There are just four months left until Consumer Duty takes effect. During the last few weeks, the FCA has stepped up its efforts to reach those who aren’t yet engaging with Consumer Duty, and to bust the myth that firms don’t have to act. Despite what some might think, the incoming regulations won’t apply only to financial advisers. Any retail consumer creditor offering a finance plan, from an independent furniture company selling a sofa to a plumber installing a new central heating system, is part of the financial services landscape and is therefore affected. Avoidance tactics won’t cut it. Everyone has to act.
But with just four months left until the deadline, where should those who haven’t yet started begin? At this late stage, is it even possible to be ready in time?
The short answer is yes. It is possible.
In its most recent communications, whether they be via “Dear CEO” letters or “live and local” events, the FCA has been delivering a clear message: It’s all about data. Firms need to be capturing it, and they need to be using it to demonstrate they are Consumer Duty-ready.
For those who haven’t yet started, this might sound daunting. But it doesn’t need to be. There are two focussed steps that can be taken, today, which will accelerate plans to be ready in time.
Use what you have Every firm that offers a finance plan, no matter how large or small, will most likely have a business sales register. Containing information on every customer and the details of their finance arrangements, this is a great place to start, as firms can use the data they already have to see how they are delivering good outcomes for customers – or, conversely, how they are not.
For instance, how many calls does it take for you to answer the phone? That’s an example of customer service. Do you run price comparisons across your marketplace? If so, that’s a way to demonstrate you’re switched on to offering good value.
Whether it be sales data, customer service data, cancellations data, did-not-proceed data… By looking at it through a Consumer Duty lens, firms can often use data they already have in order to illustrate good outcomes for customers.
Those who are struggling to interrogate their data could consider the SCAAR methodology. First, the data to be seen. Then it has to be challenged, to ensure it’s accurate. Next, it has to be analysed, and that analysis has to be actioned. Finally, this work has to be recorded. If a firm can demonstrate that it’s taking these steps, it will be on its way to demonstrating that it has properly engaged with Consumer Duty. And if nothing else, this exercise will help to identify what additional data might be needed.
Gather vulnerability data The second step, which the vast majority won’t already have taken, is gathering vulnerability data.
There are two reasons firms are behind on this. The first is the alarming reality that a large number genuinely don’t believe they have any vulnerable customers. The second is that although there has been a vulnerability agenda for several years, precious little data has been captured, for the simple reason that the guidance on offer has never been tested. That’s where Consumer Duty comes in. The FCA now expects firms to start measuring vulnerability data and demonstrate that those in vulnerable circumstances receive the same outcomes as everyone else.
So the second step that needs to be taken is to start building datasets on vulnerability. This is a more complex task, especially for those planning not only to start from scratch, but to try doing it themselves.
First, there needs to be an understanding of the four drivers of vulnerability, as well as the fact that each pillar has multiple facets. This is particularly true of resilience and mental capacity, which are inherently clinical assessments. Then comes the challenge of actually identifying vulnerable customers.
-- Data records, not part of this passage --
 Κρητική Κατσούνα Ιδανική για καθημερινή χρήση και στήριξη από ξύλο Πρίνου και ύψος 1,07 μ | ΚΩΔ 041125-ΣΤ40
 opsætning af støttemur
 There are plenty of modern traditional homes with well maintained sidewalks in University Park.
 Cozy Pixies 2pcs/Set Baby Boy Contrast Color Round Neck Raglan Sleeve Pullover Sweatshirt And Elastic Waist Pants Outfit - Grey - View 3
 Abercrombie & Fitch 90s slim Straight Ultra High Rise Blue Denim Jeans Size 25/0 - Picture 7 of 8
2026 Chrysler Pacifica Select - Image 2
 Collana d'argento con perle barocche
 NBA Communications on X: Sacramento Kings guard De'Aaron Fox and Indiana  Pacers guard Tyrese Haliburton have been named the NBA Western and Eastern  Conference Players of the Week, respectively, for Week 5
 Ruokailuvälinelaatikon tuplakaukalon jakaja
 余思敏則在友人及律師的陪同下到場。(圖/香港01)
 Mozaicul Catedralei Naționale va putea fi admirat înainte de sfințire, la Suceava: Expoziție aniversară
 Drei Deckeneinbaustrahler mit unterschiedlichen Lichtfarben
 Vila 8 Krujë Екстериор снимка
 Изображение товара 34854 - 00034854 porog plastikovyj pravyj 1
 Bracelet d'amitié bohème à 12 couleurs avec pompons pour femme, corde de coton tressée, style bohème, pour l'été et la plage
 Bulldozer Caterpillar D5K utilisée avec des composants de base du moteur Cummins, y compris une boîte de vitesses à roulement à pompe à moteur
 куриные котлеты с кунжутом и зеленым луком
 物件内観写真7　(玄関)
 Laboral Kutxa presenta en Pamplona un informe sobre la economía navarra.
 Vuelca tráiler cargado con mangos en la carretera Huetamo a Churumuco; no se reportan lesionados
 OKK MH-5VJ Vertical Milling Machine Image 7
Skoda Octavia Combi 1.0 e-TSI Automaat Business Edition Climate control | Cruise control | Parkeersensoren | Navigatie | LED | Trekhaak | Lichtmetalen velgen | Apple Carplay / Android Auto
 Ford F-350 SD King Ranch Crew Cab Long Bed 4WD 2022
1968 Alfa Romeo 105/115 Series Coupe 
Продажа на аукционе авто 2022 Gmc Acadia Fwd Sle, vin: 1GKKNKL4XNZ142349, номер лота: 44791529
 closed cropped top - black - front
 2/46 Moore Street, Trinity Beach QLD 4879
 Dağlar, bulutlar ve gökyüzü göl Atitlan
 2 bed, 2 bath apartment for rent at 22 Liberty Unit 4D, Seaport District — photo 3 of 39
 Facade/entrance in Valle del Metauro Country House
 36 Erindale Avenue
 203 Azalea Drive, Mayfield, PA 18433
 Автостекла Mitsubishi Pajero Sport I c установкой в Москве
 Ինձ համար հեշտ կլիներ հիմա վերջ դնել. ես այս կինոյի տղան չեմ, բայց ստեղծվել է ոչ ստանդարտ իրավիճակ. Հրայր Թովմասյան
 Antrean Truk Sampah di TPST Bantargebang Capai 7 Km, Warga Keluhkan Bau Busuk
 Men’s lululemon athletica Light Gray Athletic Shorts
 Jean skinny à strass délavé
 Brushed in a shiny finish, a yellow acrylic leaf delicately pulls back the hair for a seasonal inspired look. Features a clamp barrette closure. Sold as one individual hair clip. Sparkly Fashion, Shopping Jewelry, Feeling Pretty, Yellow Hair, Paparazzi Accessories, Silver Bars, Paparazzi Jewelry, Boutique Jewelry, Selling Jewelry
What makes this part difficult is that no matter how vulnerable the circumstances we might find ourselves in, we’re predisposed to not admit it when asked. How, then, can you ensure you’re making the right assessment? And how do you go about recording it all?
It isn’t impossible to do this yourself. Training is available and the FCA has published plenty of information for those beginning their implementation journey, updating this regularly in response to questions from the community. Elsewhere, industry bodies have published their own support guides to help get plans on track. But for a small-to-medium-sized firm caught under the Consumer Duty, in which the brokers and appointed representatives aren’t already trained clinicians, to start thinking about this from scratch – and with just four months to go – will be exceptionally difficult.
Instead, technology-driven assessment tools exist that can help to identify financially vulnerable customers, removing subjectivity from the process and ensuring consistency across a whole client base. These kinds of solutions are, arguably, the only way to ensure all vulnerability drivers are in scope, especially at this late stage. By combining clinical expertise with hard data, they’re able to reassure firms that their systems and controls will adequately meet the scrutiny of regulatory requirements.
So, for those who haven’t yet acted on the Consumer Duty, the good news is that with these two steps it’s possible to get ready in four months. But what’s been made clear is that the FCA will allow no exceptions. Action has to be taken, and it has to be taken today.